Tallis held royal appointments as a musician under Henry VIII and all three of his successors, thus serving Edward VI, Mary I and Elizabeth I – this is significant, as it can hardly be said that the requirements of these four monarchs in terms of church music were in obvious continuity. Tallis is held to have held onto Catholicism throughout the reforms of English Christianity he lived through, and indeed was held in some suspicion for doing so, but must, practically, have made some peace with providing music for his sovereigns’ requirements.

It is in that context that some suggest an earlier date for Spem in alium: the text is drawn from a responsory of the Sarum Rite, not any edition of the Book of Common Prayer, and references the book of Judith, considered deuterocanonical (at best) by many Protestants. This is not necessarily sufficient for an argument that the motet must have been composed for Mary I rather than Elizabeth I, but some take it as suggestive. An early manuscript of the music, dated 1610, so also post-dating the supposed composition, in fact uses a different text altogether, in English rather than Latin (but by no means a translation of the Latin!), suggesting that by Jacobean times the text was thought problematic.

Within the context of the Sarum Rite, from which the responsory is taken, it falls between the fourth and the fifth reading from the book of Judith – from chapters 2 and three of the book – but the text itself seems to reference chapter nine of the Latin version of the book, which ends et non est alius præter te.

The full text of the responsory, then, is:

Spem in alium nunquam habui preter in te Deus Israel. Qui irasceris et propitius eris et omnia peccata hominum in tribulatione dimittis. Domine Deus celi et terre : respice ad humilitatem nostram.

Which may be translated as :

I have never put hope in any other but you, God of Israel, who are both angry and merciful and forgive all the sins of men in trouble. Lord God of heaven and earth: look on our humility.

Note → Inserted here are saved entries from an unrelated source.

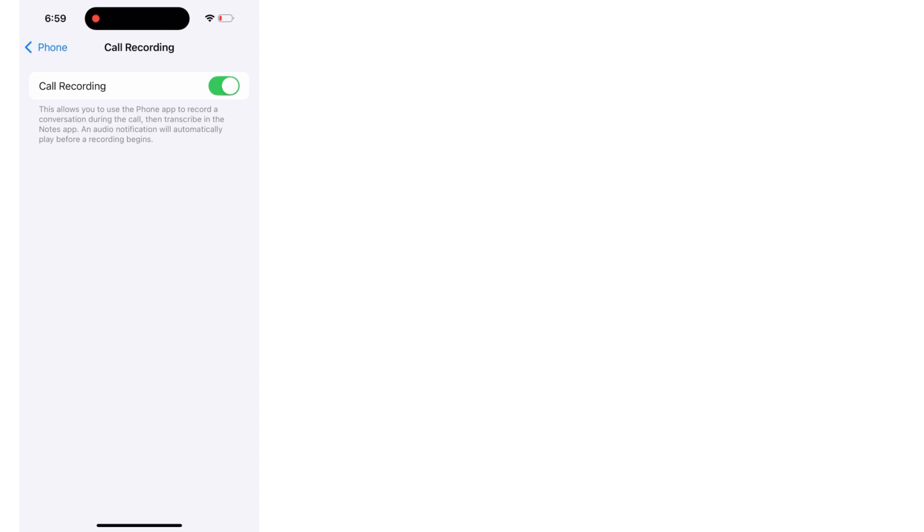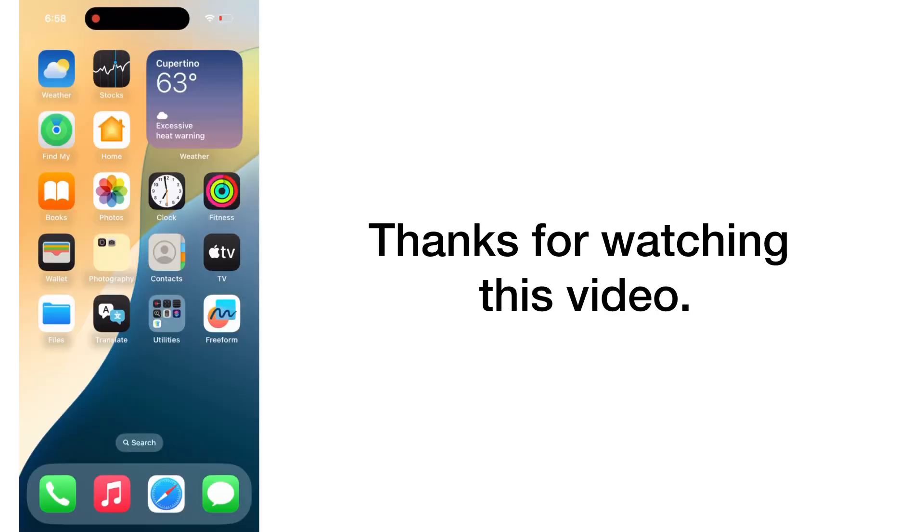This allows you to use the Phone app to record a conversation during a call, then transcribe it in the Notes app. An audio notification will automatically play before the recording begins. Thanks for watching this video.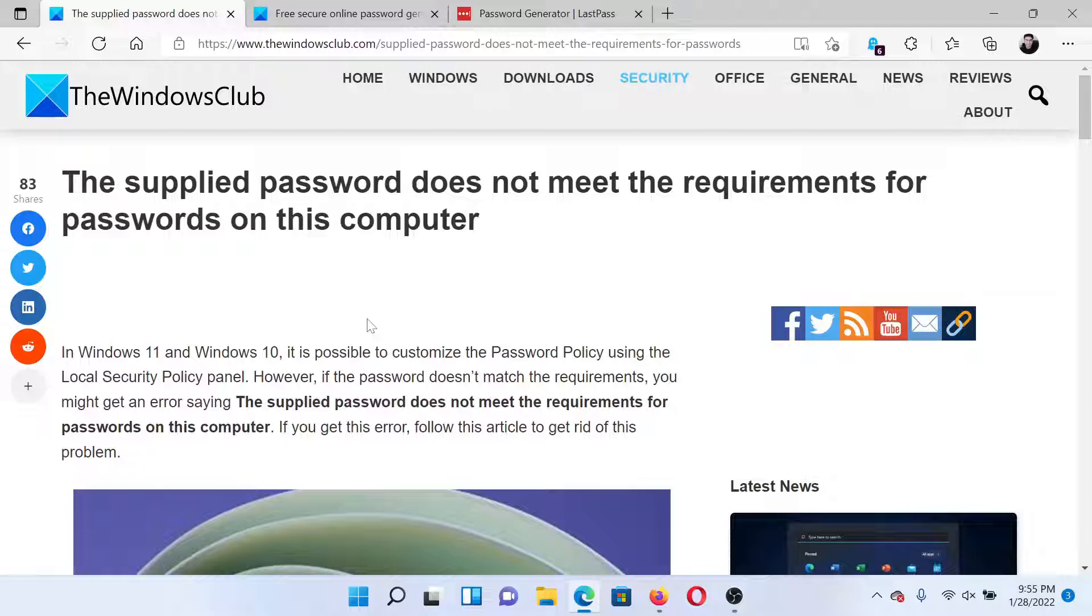Isn't this easy and interesting? If you have any doubts, please go to the original article on The Windows Club, scroll down to the comment section, and write your query. We will surely answer it.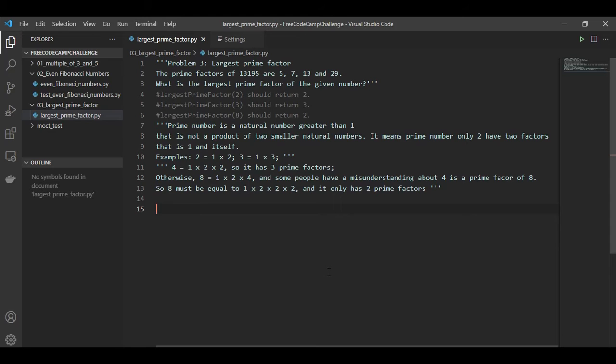Hello everyone, today I'm going to do problem 3, largest prime factor. Okay, let's get started.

It is valid, of course, to wonder how much humility is demonstrated by the opulence of the setting, for so many voices – if it was indeed composed for Nonsuch Palace, there was a hall with multiple balconies, from which the effect of the different choirs would have been richer still. The music has a renaissance purity to our modern ears and perhaps expresses more of the certainty of hope placed in God than it does the humility and tribulation of our sinfulness, and might one even speculate that a certain Catholic commentary of Protestantism might have been implied thereby? The immediate juxtaposition of irascibility and grace in the text, on the other hand, might have leant the other way.

Regardless of its origin, and indeed of sixteenth century religious politics, how does the motet speak now to us? Perhaps there is a clue in the last paragraph in which I saw both sides of a raging debate possibly reflected, and the multiplication of different voices might help us to understand that even within difference there can be harmony and beauty. Deus, exaudi nos!